Describing the fines as absurd, Kelley said the federal employees' actions should be legally protected in at least two ways: first, through the immunity that shields federal employees from personal liability for actions taken in the course of official duties; and second, through a quasi-judicial immunity that covers judges and those working with them. The immunity is designed to protect the independence of the judicial process.

"To challenge a judge's evidentiary technique has far-ranging ramifications for not only this agency but for other agencies where you have employees doing similar things," said Robert Shriver, NTEU's assistant counsel.

Kelley said the inspector general's office has reviewed the approximately 700 cases in question, and stressed that the disability determination was not found to have been improper in any of them.

Jonathan Lasher, a deputy chief counsel for the IG's office, said he could not confirm or deny the existence of any case against an individual because of Privacy Act restrictions. But he took issue with a statement by Kelley that SSA has never before used Section 1129 of the Social Security Act, which covers factual misstatements that affect benefits decisions, against agency employees. Lasher said employees have been fined before under that section, and emphasized that it applies to "wrongful acts."

"If we received information suggesting that a particular SSA policy or practice was inefficient, was unfair, wasted money, any number of things, that would generally be looked at by the [IG's] Office of Audit," he said. "Those generally would not include an allegation of wrongful or even criminal activity. [They would be] more in the program improvement realm."

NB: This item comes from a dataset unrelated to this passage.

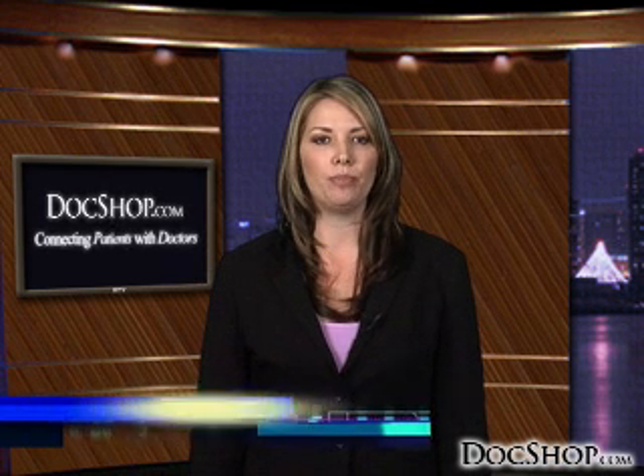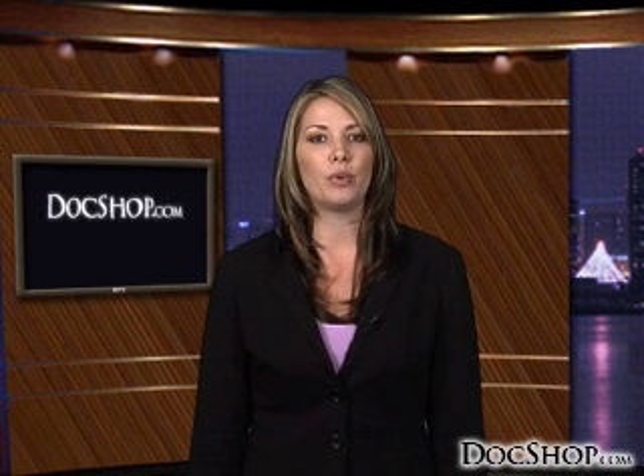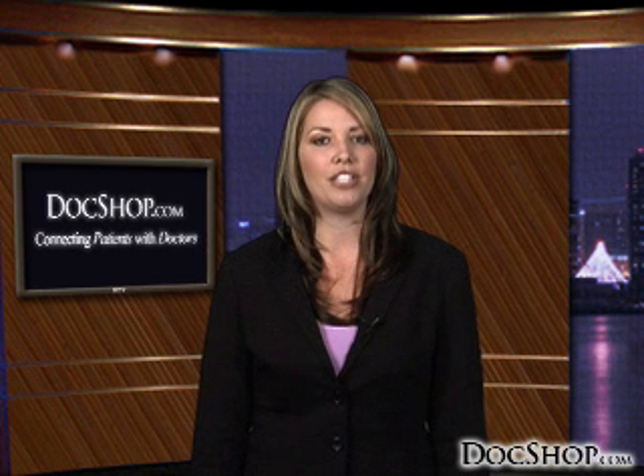Welcome to DocShop's patient education page devoted to Intralasik, a bladeless, all-laser LASIK alternative. Traditional LASIK uses a hand-held blade to create a corneal flap in the eye. Intralasik replaces that blade with a sophisticated laser, which allows for an even higher level of precision and safety within LASIK technology.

The IG's Office of Inspection handled this case.

The IG has to date formally assessed a penalty of $215,000 against one attorney, who has retained private legal help but is also working with the union. In the other three cases, the employees have submitted financial statements to the IG office and are awaiting finalization of the penalties.

The employees will be able to request hearings before an administrative law judge, and either side can appeal that decision to a departmental appeals board, the Social Security Commissioner and ultimately the U.S. Court of Appeals, NTEU officials said.

The union has also written to SSA Commissioner Jo Anne Barnhart requesting that she throw out the penalties immediately.